# Resolving ability of the lenses



## well_dunno (Oct 7, 2012)

Hello all,

Curious whether there is any source where it is possible to find max resolving ability of the lenses. Considering that the higher the sensor resolution, the more demanding it is on the lens, how many lenses in the current Canon line-up will keep up with a 46mp sensor, I am wondering.

Cheers!


----------



## friedmud (Oct 7, 2012)

I personally like Photozone: http://www.photozone.de/

Their MTF charts are really the best.

DXO Mark is starting to get more into the lens testing business... but don't look at their actual "score" go into the raw data sections...


----------



## neuroanatomist (Oct 7, 2012)

Yes, but only for Zeiss lenses. Zeiss actually tests their lenses with (very expensive) instrumentation that tests just the lens, without it being mounted to a camera. Their published MTF curves are real, measured data from actual lenses, whereas everyone else's are _theoretical_ MTF curves (generated in silico from a mathematical model of the lens design). 

The lens review sites (all of them) use a camera to test lenses, and as sensor resolution goes up, so do/will the reported MTF estimates. 

But don't worry, we've got a long way to go before lenses become the main limitation on system resolution.


----------



## Mt Spokane Photography (Oct 8, 2012)

Canon publishes a set of MTF curves for most of their lenses. These are not measured curves, but curves plotted by computer which show what a perfect lens of that design could do. Manufactureing tolerances are certain to guarantee that no perfect lens exists.
Otherwise, Photozone, DXO, and a host of others measure the resolution of a camera - lens combination. The results are valid for only that combination of Camera body and lens, and even then, there is a lot of variation.
So, read all the test reviews, paying attention to what body was used, and you will at least have a reasonable idea of performance to expect.


----------



## gmrza (Oct 8, 2012)

neuroanatomist said:


> But don't worry, we've got a long way to go before lenses become the main limitation on system resolution.



What may become a challenge for some however is that as the resolving abilities of lenses improve, so their prices tend to increase.

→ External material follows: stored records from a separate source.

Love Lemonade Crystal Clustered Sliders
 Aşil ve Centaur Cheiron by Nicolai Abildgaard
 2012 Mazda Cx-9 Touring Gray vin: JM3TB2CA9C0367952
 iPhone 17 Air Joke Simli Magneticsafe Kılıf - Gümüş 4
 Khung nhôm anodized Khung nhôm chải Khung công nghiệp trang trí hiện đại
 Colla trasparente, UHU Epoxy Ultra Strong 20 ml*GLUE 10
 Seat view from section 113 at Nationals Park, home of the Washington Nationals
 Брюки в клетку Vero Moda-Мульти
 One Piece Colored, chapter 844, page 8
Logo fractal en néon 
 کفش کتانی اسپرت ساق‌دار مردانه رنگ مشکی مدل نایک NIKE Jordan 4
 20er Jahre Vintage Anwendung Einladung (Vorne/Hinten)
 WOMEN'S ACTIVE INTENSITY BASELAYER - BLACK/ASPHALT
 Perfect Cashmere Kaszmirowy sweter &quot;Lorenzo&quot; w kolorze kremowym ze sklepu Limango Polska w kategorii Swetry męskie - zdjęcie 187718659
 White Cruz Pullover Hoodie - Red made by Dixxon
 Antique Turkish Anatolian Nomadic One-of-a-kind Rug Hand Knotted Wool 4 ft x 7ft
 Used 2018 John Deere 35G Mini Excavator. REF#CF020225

Shooters on a budget may find that their wallet becomes the limiting factor in the system before availability of lenses with suitable resolving power does. - That said, it could be argued that the price-performance ratio of lenses has improved a lot.


----------



## Mt Spokane Photography (Oct 8, 2012)

gmrza said:


> neuroanatomist said:
> 
> 
> > But don't worry, we've got a long way to go before lenses become the main limitation on system resolution.
> ...


 
+1


----------



## Menace (Oct 22, 2012)

Mt Spokane Photography said:


> gmrza said:
> 
> 
> > neuroanatomist said:
> ...



+2


----------